Task prompt:
Provide the number of lines below that include "Ultra", without any other words.

Materials provided:
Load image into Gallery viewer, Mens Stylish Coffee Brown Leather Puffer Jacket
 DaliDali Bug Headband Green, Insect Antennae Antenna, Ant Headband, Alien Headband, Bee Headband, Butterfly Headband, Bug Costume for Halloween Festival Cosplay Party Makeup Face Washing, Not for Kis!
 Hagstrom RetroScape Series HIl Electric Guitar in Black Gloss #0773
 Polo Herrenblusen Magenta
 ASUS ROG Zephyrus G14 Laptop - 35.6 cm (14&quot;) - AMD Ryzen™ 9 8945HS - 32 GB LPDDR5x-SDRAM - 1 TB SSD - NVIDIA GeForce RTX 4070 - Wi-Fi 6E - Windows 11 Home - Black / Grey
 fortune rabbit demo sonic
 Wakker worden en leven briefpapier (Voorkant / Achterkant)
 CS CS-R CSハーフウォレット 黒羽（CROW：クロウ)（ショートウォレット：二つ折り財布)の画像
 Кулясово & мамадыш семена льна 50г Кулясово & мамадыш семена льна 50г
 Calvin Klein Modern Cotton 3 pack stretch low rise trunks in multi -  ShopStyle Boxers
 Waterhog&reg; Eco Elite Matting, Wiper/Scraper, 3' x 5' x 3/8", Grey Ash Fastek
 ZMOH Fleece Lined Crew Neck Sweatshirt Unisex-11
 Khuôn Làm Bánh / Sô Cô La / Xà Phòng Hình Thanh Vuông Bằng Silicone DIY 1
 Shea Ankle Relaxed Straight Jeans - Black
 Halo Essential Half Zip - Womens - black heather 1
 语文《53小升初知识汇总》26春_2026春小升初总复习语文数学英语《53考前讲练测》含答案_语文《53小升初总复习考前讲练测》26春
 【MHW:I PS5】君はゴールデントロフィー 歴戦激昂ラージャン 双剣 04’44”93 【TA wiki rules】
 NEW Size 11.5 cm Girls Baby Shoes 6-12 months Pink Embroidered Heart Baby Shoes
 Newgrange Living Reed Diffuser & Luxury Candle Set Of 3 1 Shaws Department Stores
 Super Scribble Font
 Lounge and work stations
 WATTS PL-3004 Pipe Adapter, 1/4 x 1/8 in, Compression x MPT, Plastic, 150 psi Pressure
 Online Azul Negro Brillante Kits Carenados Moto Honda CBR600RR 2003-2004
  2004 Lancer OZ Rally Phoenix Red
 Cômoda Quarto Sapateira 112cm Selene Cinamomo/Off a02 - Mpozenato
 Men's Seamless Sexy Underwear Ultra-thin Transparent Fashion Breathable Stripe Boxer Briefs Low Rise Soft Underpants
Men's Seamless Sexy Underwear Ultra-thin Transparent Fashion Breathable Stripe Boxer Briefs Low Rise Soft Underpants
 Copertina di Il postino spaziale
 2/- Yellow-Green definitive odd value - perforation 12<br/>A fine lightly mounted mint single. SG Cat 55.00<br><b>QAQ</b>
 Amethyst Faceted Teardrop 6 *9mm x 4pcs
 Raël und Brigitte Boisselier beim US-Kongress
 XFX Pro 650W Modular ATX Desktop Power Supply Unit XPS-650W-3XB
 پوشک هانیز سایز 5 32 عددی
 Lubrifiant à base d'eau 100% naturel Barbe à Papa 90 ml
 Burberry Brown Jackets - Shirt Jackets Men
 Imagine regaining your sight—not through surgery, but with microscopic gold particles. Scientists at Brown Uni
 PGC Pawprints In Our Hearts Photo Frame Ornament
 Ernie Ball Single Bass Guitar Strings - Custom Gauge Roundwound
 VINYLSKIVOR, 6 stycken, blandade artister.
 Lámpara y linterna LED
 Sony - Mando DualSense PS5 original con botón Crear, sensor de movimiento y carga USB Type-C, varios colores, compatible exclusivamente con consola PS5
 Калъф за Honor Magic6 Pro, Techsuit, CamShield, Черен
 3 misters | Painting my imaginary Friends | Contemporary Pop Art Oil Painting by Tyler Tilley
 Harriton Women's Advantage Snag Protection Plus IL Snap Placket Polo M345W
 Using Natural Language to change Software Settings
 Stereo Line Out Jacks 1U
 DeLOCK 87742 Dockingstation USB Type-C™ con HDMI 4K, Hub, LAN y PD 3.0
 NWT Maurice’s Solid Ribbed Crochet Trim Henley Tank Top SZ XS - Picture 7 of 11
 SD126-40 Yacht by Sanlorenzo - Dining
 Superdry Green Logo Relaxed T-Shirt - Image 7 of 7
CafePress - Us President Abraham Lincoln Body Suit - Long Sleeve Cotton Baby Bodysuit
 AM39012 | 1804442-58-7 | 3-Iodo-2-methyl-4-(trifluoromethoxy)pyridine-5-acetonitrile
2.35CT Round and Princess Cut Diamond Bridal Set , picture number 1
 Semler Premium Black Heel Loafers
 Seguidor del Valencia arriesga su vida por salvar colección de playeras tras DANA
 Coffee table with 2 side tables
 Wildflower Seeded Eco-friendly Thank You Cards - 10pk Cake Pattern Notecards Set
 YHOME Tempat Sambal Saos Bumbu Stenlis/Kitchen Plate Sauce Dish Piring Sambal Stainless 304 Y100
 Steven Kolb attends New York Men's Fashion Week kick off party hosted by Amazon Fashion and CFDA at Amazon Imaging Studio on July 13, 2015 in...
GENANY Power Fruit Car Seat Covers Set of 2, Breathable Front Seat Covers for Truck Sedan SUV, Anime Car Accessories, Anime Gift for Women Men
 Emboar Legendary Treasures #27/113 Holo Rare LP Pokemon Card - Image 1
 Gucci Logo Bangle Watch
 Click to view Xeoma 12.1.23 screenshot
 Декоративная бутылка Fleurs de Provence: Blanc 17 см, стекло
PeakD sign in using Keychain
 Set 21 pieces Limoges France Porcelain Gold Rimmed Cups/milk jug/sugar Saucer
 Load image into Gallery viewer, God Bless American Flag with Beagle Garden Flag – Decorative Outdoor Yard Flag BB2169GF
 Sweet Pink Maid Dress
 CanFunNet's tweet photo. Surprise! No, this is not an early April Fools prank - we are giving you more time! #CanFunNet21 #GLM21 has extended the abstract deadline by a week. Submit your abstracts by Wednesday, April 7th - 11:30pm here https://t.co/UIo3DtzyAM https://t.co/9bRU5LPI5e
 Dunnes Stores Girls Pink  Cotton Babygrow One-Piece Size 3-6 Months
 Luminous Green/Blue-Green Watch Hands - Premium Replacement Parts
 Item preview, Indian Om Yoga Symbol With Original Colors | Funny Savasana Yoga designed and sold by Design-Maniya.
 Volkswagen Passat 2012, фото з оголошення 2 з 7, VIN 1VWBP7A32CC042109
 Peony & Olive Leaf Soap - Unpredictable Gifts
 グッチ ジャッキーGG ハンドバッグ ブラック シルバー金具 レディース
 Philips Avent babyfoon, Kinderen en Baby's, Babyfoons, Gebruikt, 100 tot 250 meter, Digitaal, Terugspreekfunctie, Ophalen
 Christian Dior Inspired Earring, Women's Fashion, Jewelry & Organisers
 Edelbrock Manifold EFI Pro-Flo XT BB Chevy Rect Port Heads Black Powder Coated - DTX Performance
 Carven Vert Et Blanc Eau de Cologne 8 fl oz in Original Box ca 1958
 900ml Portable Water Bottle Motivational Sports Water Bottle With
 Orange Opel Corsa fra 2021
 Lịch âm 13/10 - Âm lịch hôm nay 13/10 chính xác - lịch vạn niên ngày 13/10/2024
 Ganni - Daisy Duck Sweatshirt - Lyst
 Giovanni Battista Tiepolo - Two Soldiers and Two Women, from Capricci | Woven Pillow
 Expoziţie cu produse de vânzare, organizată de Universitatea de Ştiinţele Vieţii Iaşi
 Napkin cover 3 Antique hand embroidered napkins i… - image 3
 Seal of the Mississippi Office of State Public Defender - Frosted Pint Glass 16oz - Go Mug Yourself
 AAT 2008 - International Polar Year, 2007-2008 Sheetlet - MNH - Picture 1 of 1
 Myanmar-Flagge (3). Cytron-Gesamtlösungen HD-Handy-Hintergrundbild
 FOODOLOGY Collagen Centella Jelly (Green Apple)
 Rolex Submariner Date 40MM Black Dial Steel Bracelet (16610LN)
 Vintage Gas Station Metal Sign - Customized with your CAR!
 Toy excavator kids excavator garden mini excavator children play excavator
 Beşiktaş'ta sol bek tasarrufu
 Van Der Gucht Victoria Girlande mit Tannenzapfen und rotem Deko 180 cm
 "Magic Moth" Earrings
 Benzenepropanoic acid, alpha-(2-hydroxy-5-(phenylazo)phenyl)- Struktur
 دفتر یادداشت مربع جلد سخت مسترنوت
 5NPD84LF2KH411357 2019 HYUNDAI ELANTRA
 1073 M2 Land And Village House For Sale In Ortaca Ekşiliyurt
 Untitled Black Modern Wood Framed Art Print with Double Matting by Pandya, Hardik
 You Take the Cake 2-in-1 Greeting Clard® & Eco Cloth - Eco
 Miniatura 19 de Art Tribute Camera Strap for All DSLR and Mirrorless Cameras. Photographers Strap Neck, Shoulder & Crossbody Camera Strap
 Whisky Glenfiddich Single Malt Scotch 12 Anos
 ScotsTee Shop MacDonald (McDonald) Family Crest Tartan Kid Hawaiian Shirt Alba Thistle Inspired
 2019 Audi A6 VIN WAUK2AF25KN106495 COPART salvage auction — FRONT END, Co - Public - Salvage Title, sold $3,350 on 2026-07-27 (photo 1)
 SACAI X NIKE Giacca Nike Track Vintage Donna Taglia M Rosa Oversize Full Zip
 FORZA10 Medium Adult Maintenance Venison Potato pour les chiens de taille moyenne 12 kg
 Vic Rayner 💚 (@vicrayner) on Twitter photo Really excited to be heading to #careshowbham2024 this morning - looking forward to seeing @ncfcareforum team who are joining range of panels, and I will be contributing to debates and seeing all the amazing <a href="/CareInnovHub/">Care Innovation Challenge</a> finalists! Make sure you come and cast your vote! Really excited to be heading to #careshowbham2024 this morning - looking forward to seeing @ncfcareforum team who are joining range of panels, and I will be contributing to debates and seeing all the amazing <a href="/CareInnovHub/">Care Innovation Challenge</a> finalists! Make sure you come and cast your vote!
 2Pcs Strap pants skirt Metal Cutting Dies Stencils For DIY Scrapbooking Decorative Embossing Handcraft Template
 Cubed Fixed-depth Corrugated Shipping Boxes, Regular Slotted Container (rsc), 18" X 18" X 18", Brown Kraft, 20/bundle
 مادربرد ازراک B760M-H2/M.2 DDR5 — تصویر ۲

Reply to the exercise:
2